U.S. plans penstock recoating for 94.5-MW Flatiron

The Bureau of Reclamation said it will use $14 million from an economic stimulus bill passed in February to apply a new protective coating to two penstocks at its 94.5-MW Flatiron hydroelectric plant in Colorado.

The American Recovery and Reinvestment Act of 2009 included $1 billion to BuRec to invest in U.S. water infrastructure projects. Those projects include Flatiron, part of the Colorado-Big Thompson project. (HNN 4/15/09)

The Flatiron penstocks, in service since 1954, drop water 1,064 feet through a mile of pipeline to the hydropower plant, located 50 miles northwest of Denver.

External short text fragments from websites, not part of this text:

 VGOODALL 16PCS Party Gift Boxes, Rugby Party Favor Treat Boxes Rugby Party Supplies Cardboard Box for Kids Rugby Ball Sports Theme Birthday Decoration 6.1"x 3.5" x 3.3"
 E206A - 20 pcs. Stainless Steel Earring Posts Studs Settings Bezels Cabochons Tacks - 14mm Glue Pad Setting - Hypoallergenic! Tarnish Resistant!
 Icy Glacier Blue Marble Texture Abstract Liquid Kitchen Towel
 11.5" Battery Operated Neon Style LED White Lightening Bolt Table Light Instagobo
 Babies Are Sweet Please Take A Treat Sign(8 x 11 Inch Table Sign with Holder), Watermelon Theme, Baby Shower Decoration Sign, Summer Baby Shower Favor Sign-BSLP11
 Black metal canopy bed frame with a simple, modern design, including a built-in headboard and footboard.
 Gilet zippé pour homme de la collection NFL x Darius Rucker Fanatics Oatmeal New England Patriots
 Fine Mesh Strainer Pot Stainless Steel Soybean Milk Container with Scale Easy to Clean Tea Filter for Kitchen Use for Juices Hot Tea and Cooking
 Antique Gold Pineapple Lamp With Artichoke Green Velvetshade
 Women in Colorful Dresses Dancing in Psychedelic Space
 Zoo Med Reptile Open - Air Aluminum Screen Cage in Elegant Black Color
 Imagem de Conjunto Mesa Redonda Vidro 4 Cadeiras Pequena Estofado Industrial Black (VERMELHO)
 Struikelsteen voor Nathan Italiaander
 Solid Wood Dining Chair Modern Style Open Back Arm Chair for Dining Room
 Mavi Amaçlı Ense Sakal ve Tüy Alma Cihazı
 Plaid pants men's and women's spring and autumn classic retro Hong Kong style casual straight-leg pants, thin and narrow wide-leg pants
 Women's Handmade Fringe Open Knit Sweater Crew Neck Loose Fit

The protective coating on the inside and outside of the penstocks needs to be replaced, BuRec said. The job would involve removing lead-based paint from the exterior and interior of the penstocks, disposing of it, and applying a new coating. Recoating work also would include installing ultrasonic flowmeters on the penstocks to improve accounting for water and power plant efficiency.

BuRec said recoating would reduce long-term operational costs provided by a more efficient and temperature-resistant paint product. It also would maintain structural integrity and increase reliability by extending the penstocks’ service life an additional 50 years.

BuRec plans to issue a solicitation for the work on the Federal Business Opportunities website, www.fbo.gov.

In 2008, BuRec awarded a $9.9 million contract to National Electric Coil of Columbus, Ohio, to overhaul generators of two Flatiron units. (HNN 9/16/08)

Flatiron and the other five hydropower plants in the Colorado-Big Thompson project generate an average of 759 gigawatt-hours annually, BuRec said. Colorado-Big Thompson also provides water to more than 725,000 people and 620,000 irrigated acres in northeastern Colorado.